Some kibyoshi items translated from Japanese

Includes bibliographical references (p. [509]-524) and index

Description and Table of Contents

Description

"Manga from the Floating World" is the first full-length study in English of the kibyoshi, a genre of sophisticated pictorial fiction widely read in late-18th Century Japan. By combining analysis of the socioeconomic and historical milieus in which the genre was produced and consumed with three annotated translations of works by major author-artist, Santo Kyoden (1761-1816) that closely reproduce the experience of encountering the originals, Adam Kern offers a sustained close reading of the vibrant popular imagination of the mid-Edo period. The kibyoshi, Kern argues, became an influential form of political satire that seemed poised to transform the uniquely Edoesque brand of urban commoner culture into something more, perhaps even a national culture, until the shogunal government intervened.
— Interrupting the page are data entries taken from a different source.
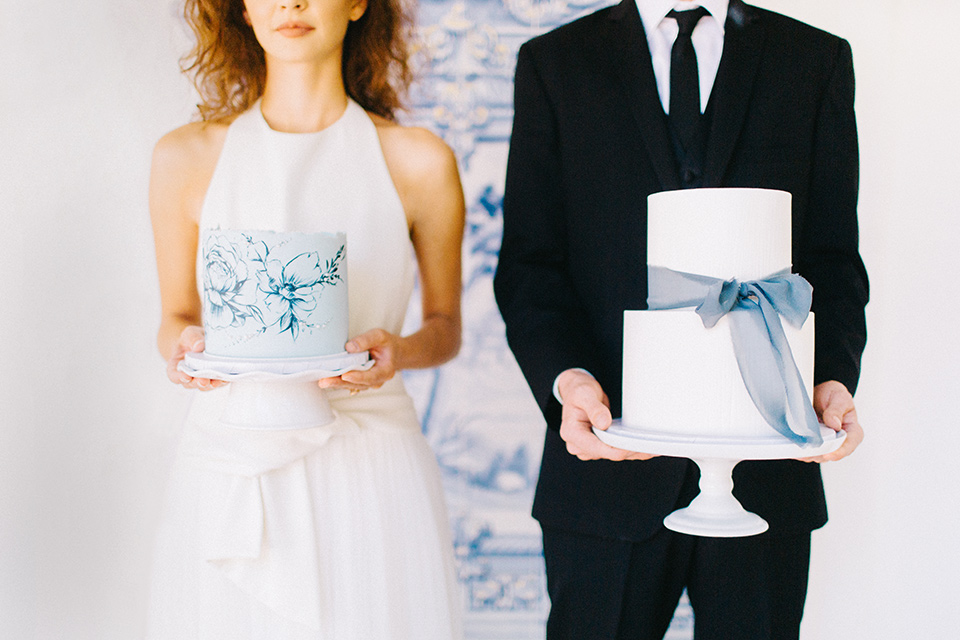 Rancho-las-lomas-blue-shoot-bride-and-groom-holing-cake-the-bride-wore-a-white-flowing-gown-with-a-halter-neckline-and-simple-mamkeup-the-groom-wore-a-simple-black-suit-with-a-black-long-tie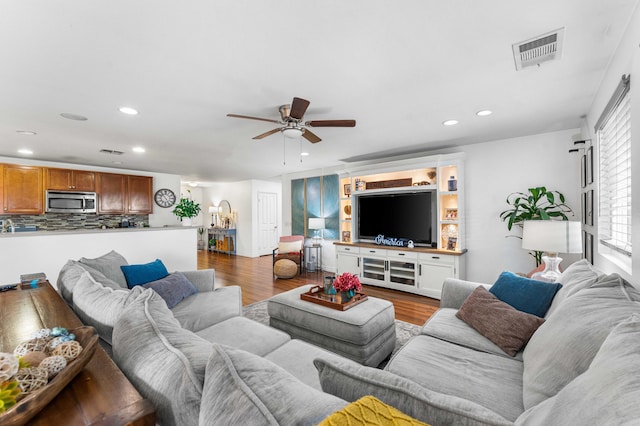 living room featuring hardwood / wood-style flooring and ceiling fan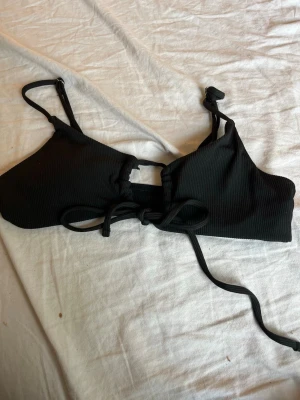 Svart ribbad bikiniöverdel med knyt - Snygg svart bikiniöverdel från SHEIN i ribbat material. Modellen har smala axelband och knytning framtill för en justerbar passform. Perfekt för strand eller poolhäng i sommar!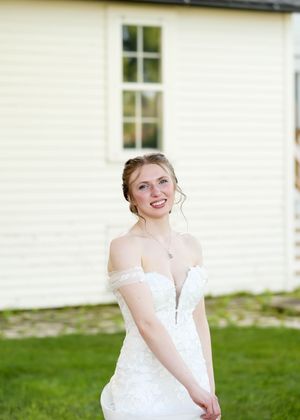 Bride in white off-shoulder gown twirling against white building exterior.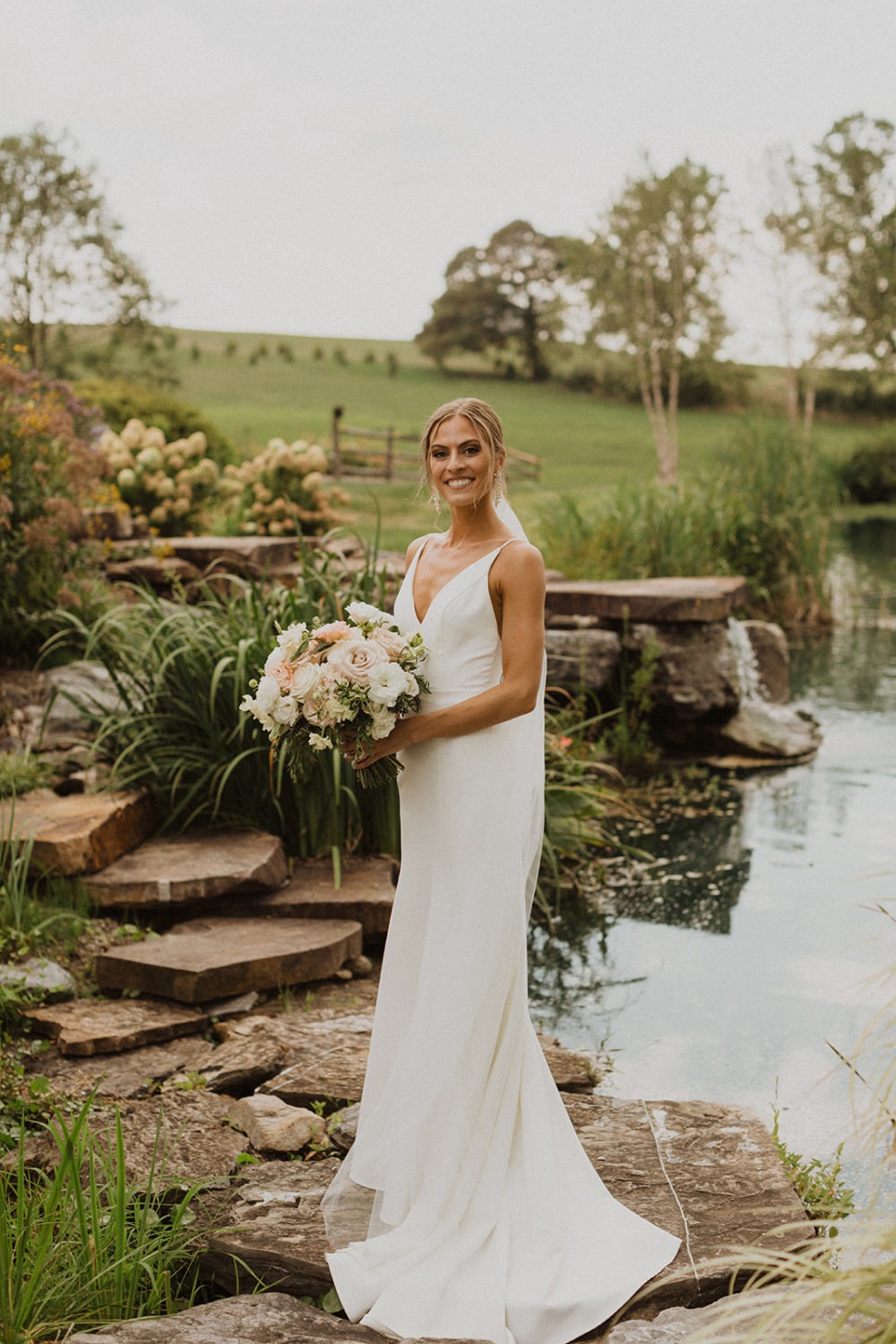 bride holds wedding bouquet beside pond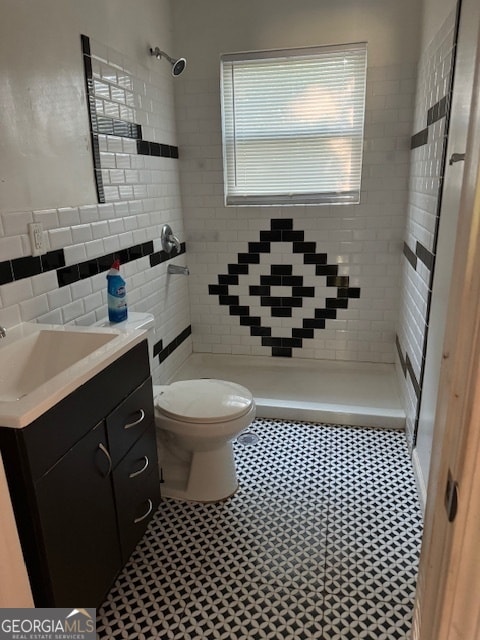 bathroom featuring vanity, toilet, tiled shower, tile patterned flooring, and decorative backsplash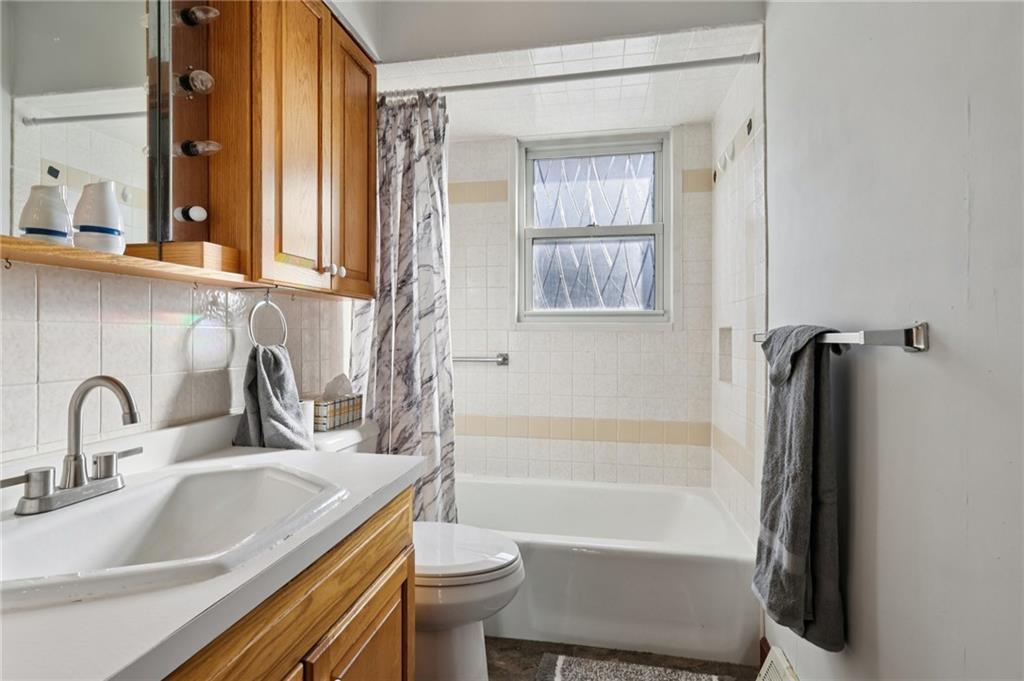 1910 Ridge Avenue New Kensington, PA 15068 - Photo 24 of 50 a bathroom with a sink and a bathtub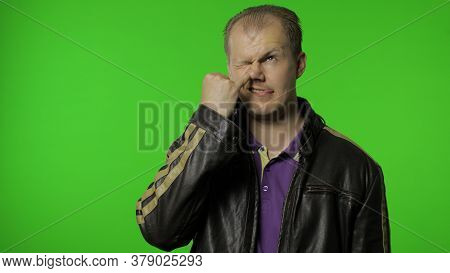 Funny Stupid Rocker Man In Jacket Picking Nose With Silly Brainless Humorous Expression, Removing Bo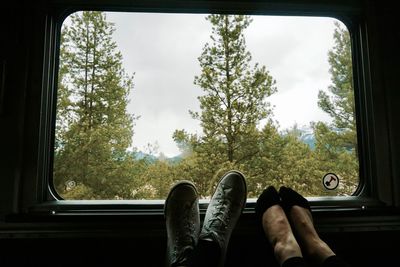 Low section of man in car against sky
Based on extensive research using primary sources in their original Edo editions, the volume is copiously illustrated with rare prints from Japanese archival collections. It serves as an introduction not only to the kibyoshi but also to the genre's readers and critics, narratological conventions, modes of visuality, format, and relationship to the modern Japanese comic book (manga) and to the popular literature and wit of Edo. Filled with graphic puns and caricatures, these entertaining works will appeal to the general reader as well as to the more experienced student of Japanese cultural history.